Right angle prisms are also among the pyOpTools predefined components. In the next example a RightAnglePrism will be used as a retroreflector.

[8]:
RAP1=RightAnglePrism(width=20, height=20, material=material.schott["N-BK7"] )
S=System(complist=[(RAP1,(0,0,50),(0,-3*pi/4,0)),])
S.ray_add(Ray(pos=(10,0,0),dir=(0,0,1),wavelength=.650))
S.propagate()
Plot3D(S,center=(0,0,50), size=(100,50),scale=5,rot=[(pi/2,0,0)])
[8]:

Besides the RightAnglePrism, pyOptools has classes to create the following prisms:

Mirrors

pyOpTools have 2 different predefined mirror types, the RectMirror and the RoundMirror. Both this mirrors can be 100% reflective or partially reflective (beam splitters).

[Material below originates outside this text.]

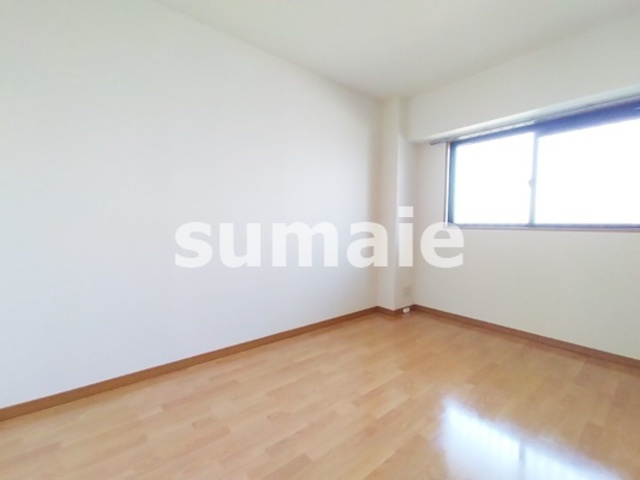 フローラ浦和の寝室|使いやすい洋室です。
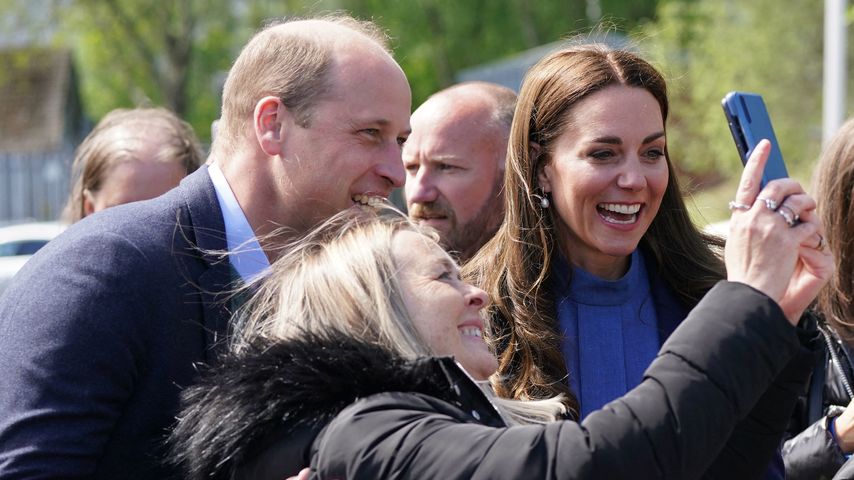 Prinz William und Prinzessin Kate posieren für Selfie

The next example show a mirror and a beam splitter in the same setup.

[9]:
M1=RectMirror(size=(25.0, 25.0, 3.0), reflectivity=0.5, material=material.schott["N-BK7"] )
M2=RoundMirror(radius=12.5, thickness=3,reflectivity=1., material=material.schott["N-BK7"] )

S=System(complist=[(M1,(0,0,50),(pi/4,0,0)),
                   (M2,(0,50,50),(pi/4,0,0)),
                  ], n=1)

S.ray_add(Ray(pos=(0,0,0),dir=(0,0,1),wavelength=.650))

S.propagate()
Plot3D(S,center=(0,25,50), size=(150,100),scale=4,rot=[(0,-pi/2,0)])
[9]:

BeamSplittingCube

Besides mirrors that behave as beam splitters, pyOpTool has a class to simulate BeamSplittingCube. The next code show an example of its use.

[10]:
BS=BeamSplittingCube()
S=System(complist=[(BS,(0,0,50),(0,0,0)),])
S.ray_add(Ray(pos=(0,0,0),dir=(0,0,1),wavelength=.650))
S.propagate()
Plot3D(S,center=(0,0,50), size=(100,150),scale=5,rot=[(pi/2,0,0)])

[10]:
Warning: In older versions of pyOpTools BeamSplittingCube was misspelled. Please use the correct spelling.